The invention discloses a multi-morphology rare earth doped BiVO4 composite photocatalyst and a preparation method thereof. The composite photocatalyst comprises the component of Ln(1-x)BiVO4, wherein Ln is equal to La, Ce, Pr, Nd, Sm, Gd, Dy, Er and Y, and x is equal to 0.01-0.3mol%. The photocatalyst disclosed by the invention has different morphologies and has the advantages of simple preparation technology, controllable morphology and crystalline phase structure of a target product and big specific surface area, and various organic pollutants, such as toxic and harmful phenols, aldehydes, and dyes, can be decomposed within a wider wavelength range.

Description

The rear-earth-doped BiVO of multiform looks 4Composite photo-catalyst and preparation method thereof
Technical field
The invention belongs to catalysis material, relate in particular to the rear-earth-doped BiVO of a kind of multiform looks 4Composite photo-catalyst and preparation method thereof.
Technical background
Solar energy it is believed that it is that a kind of reserves enrich the natural energy resources that sustainability is utilized always, but human still very limited to its utilization.Photocatalysis technology is as a kind of new catalytic technology that can directly utilize high toxicity organic pollution in solar energy hydrolysis hydrogen manufacturing and the degree of depth degraded environment, 21 century the energy with application facet such as environment all ten minutes have prospect.BiVO 4As a kind of novel semi-conductor catalysis material, paid close attention to by Many researchers with avirulence, high stability and strong advantage such as visible light-responded.
Along with people's finds that to the further investigation of photochemical catalyst it all is the key factor that influences its photocatalysis performance that the microscopic appearance of catalyst, particle size and lattice are formed.And in reaction system, add the surface-active auxiliary agent or rare-earth metal doped ion can both exert an influence to pattern, size and the lattice structure of catalyst, be a kind of catalyst modification method relatively more commonly used.For example: with sodium ethylene diamine tetracetate (EDTA) is surfactant, under hydrothermal condition, can obtain the BiVO of five-pointed star shape chip shape 4, its photocatalytic activity has improved (S.M. Sun et al.

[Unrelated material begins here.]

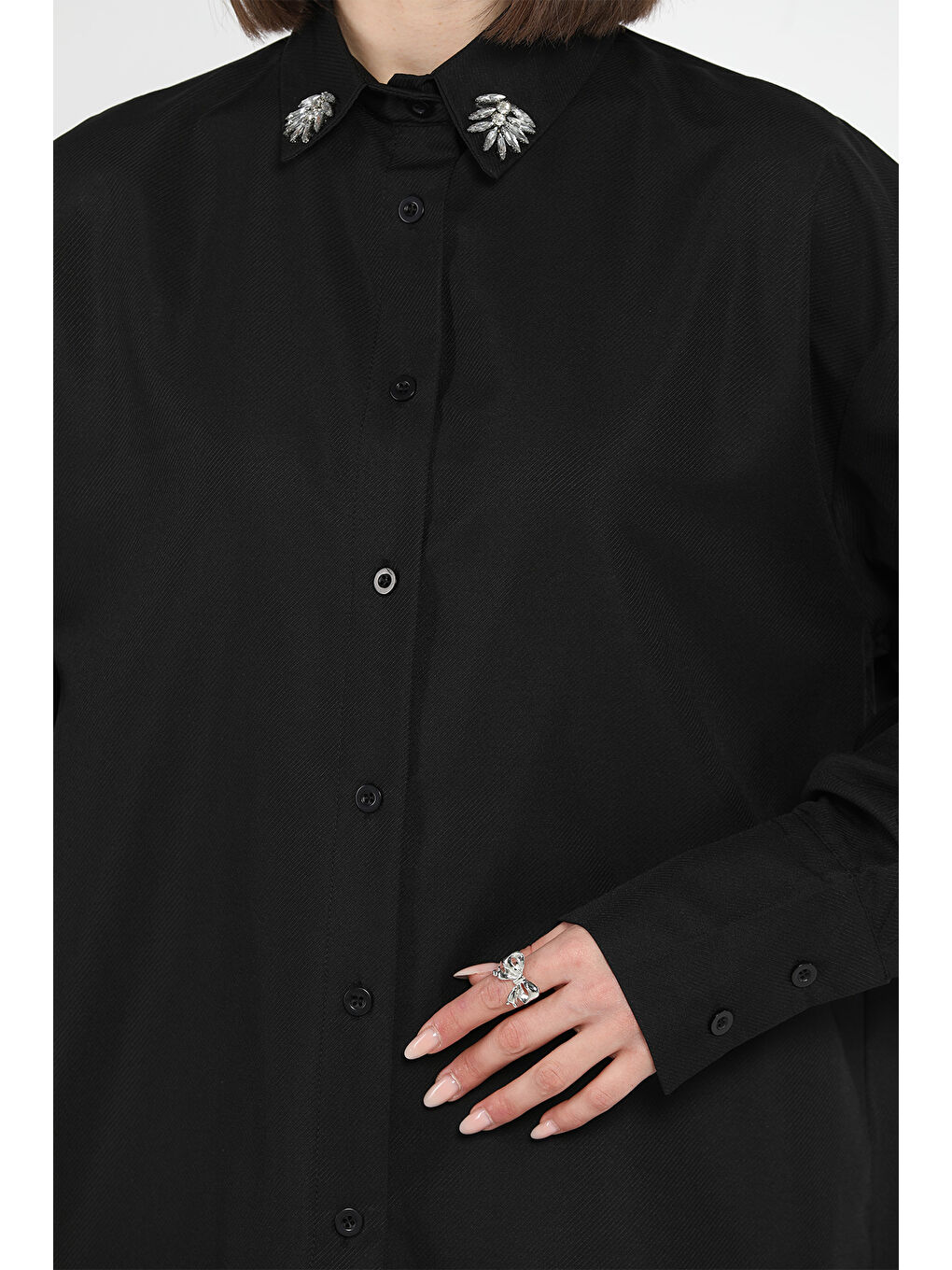 Siyah Kadın Yaka Taş İşlemeli Kendinden Desenli Gömlek-3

Ind. Eng. Chem. Res. 2009,48: 1735 – 1739) more than 50% without surfactant-modified sample.People such as Cao pass through La 3+Be doped to TiO 2-xF xIn the photochemical catalyst, improved the visible light-responded of catalyst and to the degradation effect (G.X. Gao et al. J. Am. Ceram. Soc., 2010,93:25 – 27) of methylene blue.
Summary of the invention
The objective of the invention is to: provide a kind of multiform looks rear-earth-doped BiVO 4Composite photo-catalyst and preparation method thereof, the advantage of mating surface activating agent and rare earth ion doping vario-property photochemical catalyst aspect through control rare earth ion, material proportion and hydrothermal synthesizing condition, obtains the Ln of different-shape xBi (1-x)VO 4Catalyst, specific surface area of catalyst is big, and has good visible light catalytic performance.
Technical solution of the present invention is: this rear-earth-doped BiVO 4Consisting of of composite photo-catalyst: Ln xBi (1-x)VO 4, Ln=La wherein, Ce, Pr, Nd, Sm, Gd, Dy, Er, Y; X=0.01-0.3 mol%.
The preparation method of this composite photo-catalyst may further comprise the steps:
1) HNO of molar concentration such as configuration 3With NaOH solution, molar concentration is 1 ~ 6mol/L;
2) get a certain amount of Bi (NO 3) 35H 2O is dissolved in the HNO of certain volume 3Solution adds the ultrasonic 10~30min dissolving of a certain amount of EDTA then and obtains solution a;
3) get a certain amount of NH 4VO 3Be dissolved in the NaOH solution of certain volume and obtain solution b, then solution b is added drop-wise among the solution a gradually, stir 1 ~ 3h, add doping lanthanide series Ln (NO 3) 3Obtain yellow suspension;
4) get a certain amount of absolute ethyl alcohol and join in the above-mentioned suspension, continue to stir 1~2h and obtain reacting precursor;
5) precursor is put into autoclave, in 100~200 ℃ hydrothermal temperature, hydro-thermal reaction 2~10h gets product, and product is used absolute ethyl alcohol and water washing respectively 2-3 time, puts into 40~100 ℃ of vacuum drying chambers dry several hours, obtains catalyst.
Wherein, Bi (NO 3) 35H 2O and NH 4VO 3Molal weight is than being 1:0.5 ~ 1:1.5, Bi (NO 3) 35H 2O is 1:0.1 ~ 1:2 with the molal weight ratio of EDTA.
Wherein, Bi (NO 3) 3With doping lanthanide series Ln (NO 3) 3Molal weight than for 1:0.01~1:0.3.
Wherein, HNO 3With NaOH volume ratio 1:0.5 ~ 1:3, HNO 3With CH 3CH 2The volume ratio of OH is 1:0.2 ~ 1:10.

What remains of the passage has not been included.